“We are leveraging our investment management education and guidance group to be a screener for advisors to utilize, which is a significant advantage for our financial advisors,” said Kevin Crain (left), head of Institutional Retirement & Benefit Services for Bank of America-Merrill Lynch, in an interview with AdvisorOne. “They can tailor these services for individual-plan sponsors.”
Some rivals have an individual RIA or advisor put such solutions together, whereas Merrill FAs can “leverage the largest investment management guidance capacity available,” Crain said. “This should be exciting to plan sponsors as they look at this service.”

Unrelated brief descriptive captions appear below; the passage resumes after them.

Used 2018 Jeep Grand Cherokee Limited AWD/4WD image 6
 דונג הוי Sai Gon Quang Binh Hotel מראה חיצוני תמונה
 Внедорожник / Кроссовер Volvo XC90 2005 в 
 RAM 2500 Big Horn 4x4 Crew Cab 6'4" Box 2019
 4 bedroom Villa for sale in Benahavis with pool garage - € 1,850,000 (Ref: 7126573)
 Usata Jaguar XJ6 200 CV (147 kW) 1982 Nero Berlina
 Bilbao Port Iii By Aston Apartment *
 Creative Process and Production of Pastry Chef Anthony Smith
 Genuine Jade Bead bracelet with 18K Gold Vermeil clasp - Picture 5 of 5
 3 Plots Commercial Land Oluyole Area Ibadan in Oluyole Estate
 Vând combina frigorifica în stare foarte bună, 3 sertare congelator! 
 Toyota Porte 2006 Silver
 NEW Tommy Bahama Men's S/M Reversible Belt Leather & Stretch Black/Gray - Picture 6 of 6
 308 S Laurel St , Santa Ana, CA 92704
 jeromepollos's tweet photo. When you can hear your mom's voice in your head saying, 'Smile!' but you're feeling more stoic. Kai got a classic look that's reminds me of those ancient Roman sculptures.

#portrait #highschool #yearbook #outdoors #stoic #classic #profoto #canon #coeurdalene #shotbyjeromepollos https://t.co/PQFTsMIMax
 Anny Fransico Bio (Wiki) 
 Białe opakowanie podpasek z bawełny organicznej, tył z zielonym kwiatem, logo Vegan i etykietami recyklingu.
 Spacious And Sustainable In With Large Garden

The DC services, announced Friday, will be introduced during the rest of 2012 and in 2013 to institutional clients with $25 million or more in assets. The DC services could be offered to plans that currently hold about $1.2 trillion of assets nationwide, according to BofA-Merrill, which officially relaunched its institutional retirement service offerings last fall.
About 250 Merrill Lynch advisors now hold specialized defined contribution or global institutional consulting designations. Next month, these advisors could pursue training in order to sell these new DC consulting services.
“We think that 30 to 50 will come out initially for this further accreditation, and that number should grow to close to 100 advisors or so a year from now,” Crain said. Though this work isn’t meant for hundreds of Merrill’s thundering herd—which now numbers about 17,000—it could generate some recruiting interest, he says.
On Tuesday, BofA said it introduced Merrill Edge Small Business 401(k) services for clients with plans that include $250,000 or less in total assets.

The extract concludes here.